BofA Buys Countrywide Financial Corp.

Today's news that BofA is buying crippled mortgage lender Countrywide Financial Corp. for some $4B is the big news in this sector.

Remember that Ken Lewis, BofA CEO, bought a big stake in CFC back in August for $18/share of the mortgage lender.

CFC closed below $8/share yesterday.

Is this an opportune deal for the money center bank?

As the nearby Yahoo-sourced, five-year price chart comparing BofA, CFC and the S&P500 shows, neither company has shown marked outperformance of the S&P in the past five years.

BofA has only matched the index for most of the past five years, recently underperforming. Countrywide stalled for much of the past five years, after an initial outperformance burst in 2003. After that, housing sector weakness began to affect investor confidence in the long-term position of CFC.

As this morning's Wall Street Journal article on the deal observed, BofA is protecting its own interest in the ailing mortgage company. If it were to go bankrupt, BofA's prior investment would become nearly worthless, and Lewis would look especially foolish.

So, basically, what we have is a very large money center bank using its 'cannot fail' position to buy a potentially dead mortgage lender, in which it already has a significant equity position. It is, in essence, borrowing from the Fed/economy, long, to buy an investment before that investment's value goes to nearly zero.

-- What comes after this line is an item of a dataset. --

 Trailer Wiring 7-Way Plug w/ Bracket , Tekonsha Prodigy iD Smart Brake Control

Of course Lewis casts this as a vote of confidence in the long term viability of CFC and mortgage markets. And he's right, given a very long time horizon.

The question is, were Lewis not already an owner of CFC, and at a much higher price, would he be rushing to buy it now? With his own loan losses potentially looming this quarter, and perhaps a need for more capital?

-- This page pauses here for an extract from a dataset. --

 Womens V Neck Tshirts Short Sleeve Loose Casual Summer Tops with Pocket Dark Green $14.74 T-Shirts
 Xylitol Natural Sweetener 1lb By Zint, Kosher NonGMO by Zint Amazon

My own opinion is that two mediocre companies do not, generally, when combined, make a better resultant company. I think this is strictly a case of salvaging a soured investment. On that basis, it may make accounting and short-term capital sense for BofA.

But it begs the larger question of whether Lewis used, and will continue to employ, flawed judgment in both buying a stake in CFC at more than double today's price, and running the giant money center bank in the future.

By the way, I don't own any BofA. It doesn't look like I will be buying any for the forseeable future, either.